YOUR GOAL:
Every line from the one with "1 Bed Flat, Bow" through the final line of the data below goes in the answer, copied exactly. Pictures do not.

(SUPPLIED MATERIAL Opens)

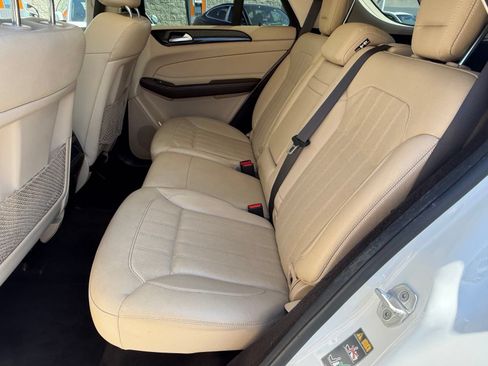 Used 2016 Mercedes-Benz GLE 350 image 31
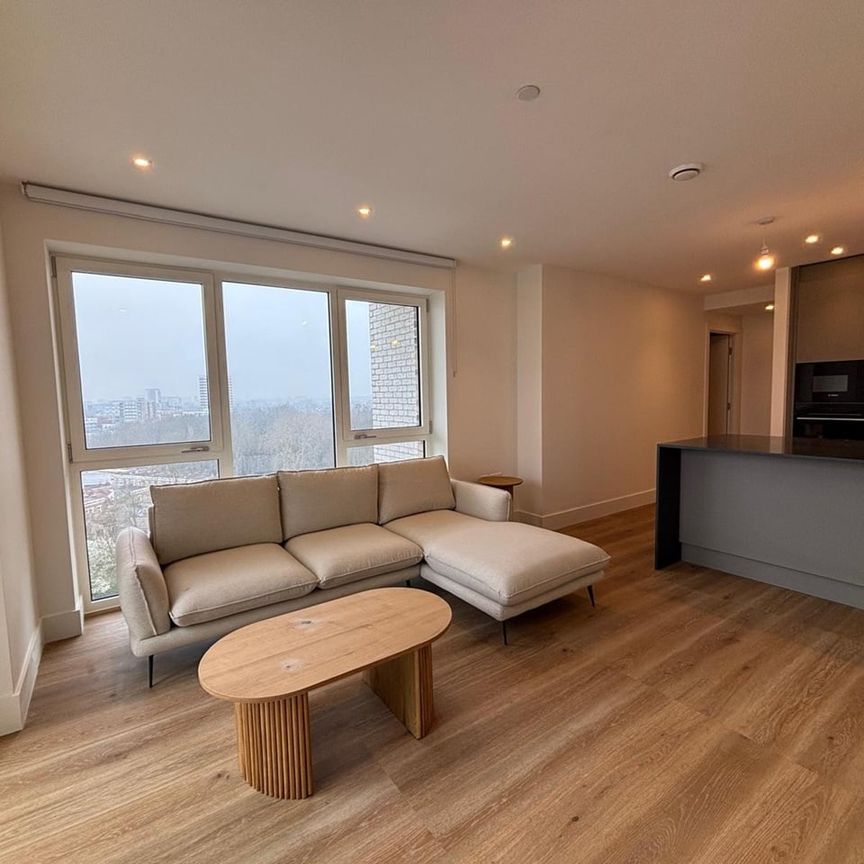 1 Bed Flat, Bow View Apartments, E3 - Photo 1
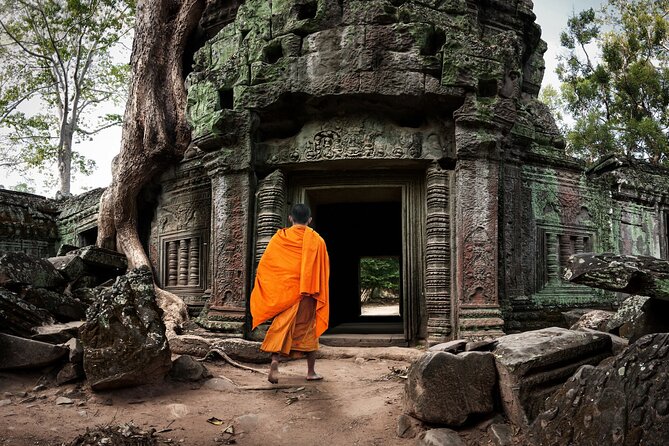 Private Sunrise Tour to Angkor Wat & Other Highlights With Professional Guide. - Angkor Wat Experience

(SUPPLIED MATERIAL Closes)

RESULT FOR THIS EXERCISE:
 1 Bed Flat, Bow View Apartments, E3 - Photo 1
 Private Sunrise Tour to Angkor Wat & Other Highlights With Professional Guide. - Angkor Wat Experience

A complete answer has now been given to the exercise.